* [Aim of the exercise]: Whatever lies between the line with "Apartamento T4 para" and the end of the data, both included, must be copied exactly and without pictures.

* [Supplied material]:
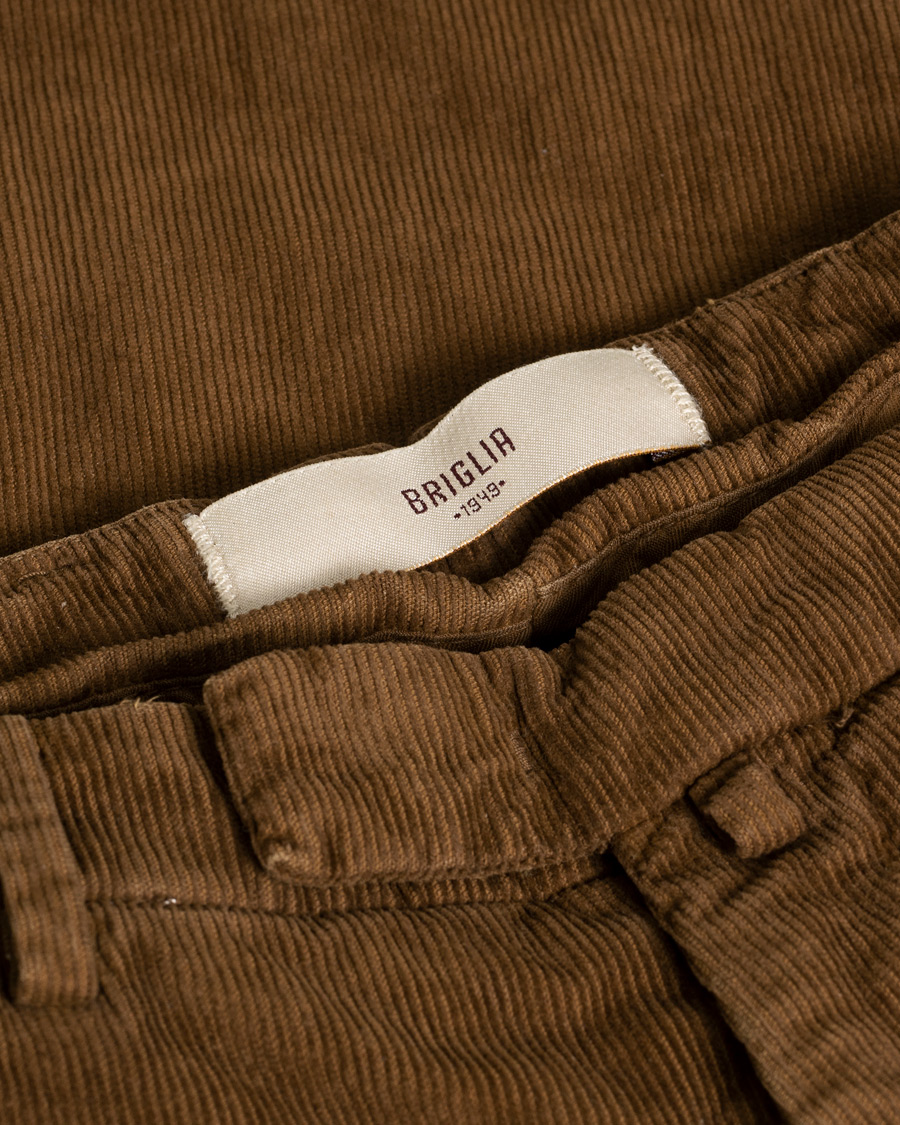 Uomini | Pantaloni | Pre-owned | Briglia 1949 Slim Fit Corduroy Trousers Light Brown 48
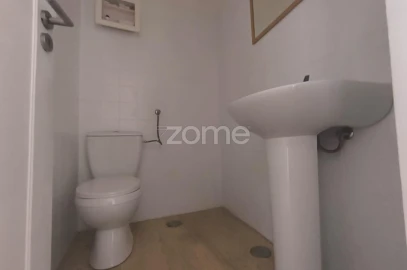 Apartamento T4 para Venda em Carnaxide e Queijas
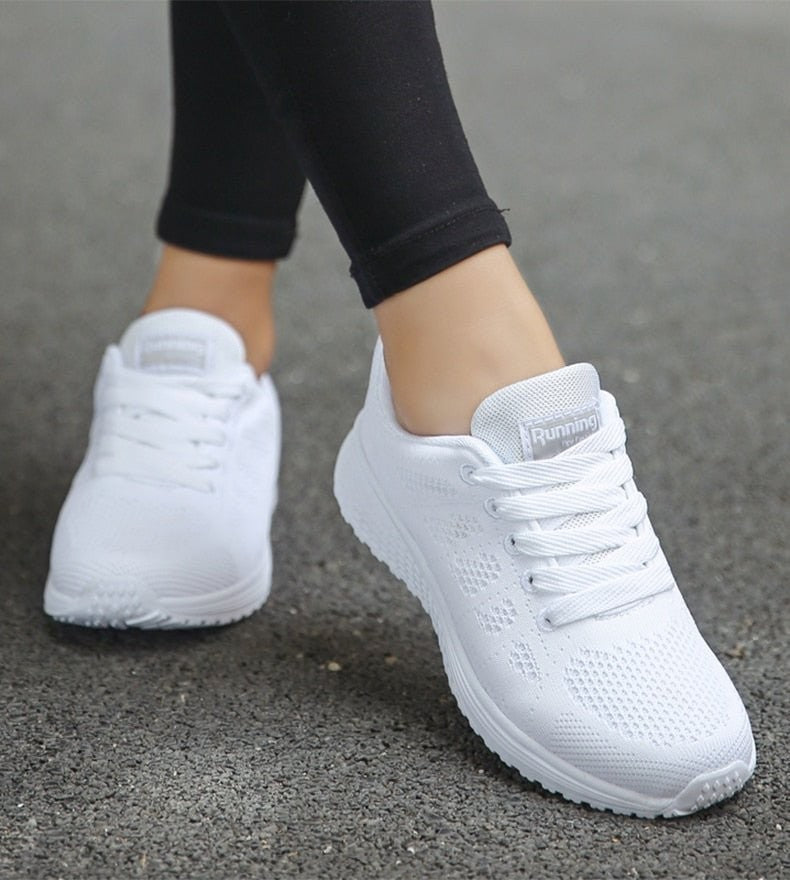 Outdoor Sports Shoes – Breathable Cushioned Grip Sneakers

* [Response area]:
 Apartamento T4 para Venda em Carnaxide e Queijas
 Outdoor Sports Shoes – Breathable Cushioned Grip Sneakers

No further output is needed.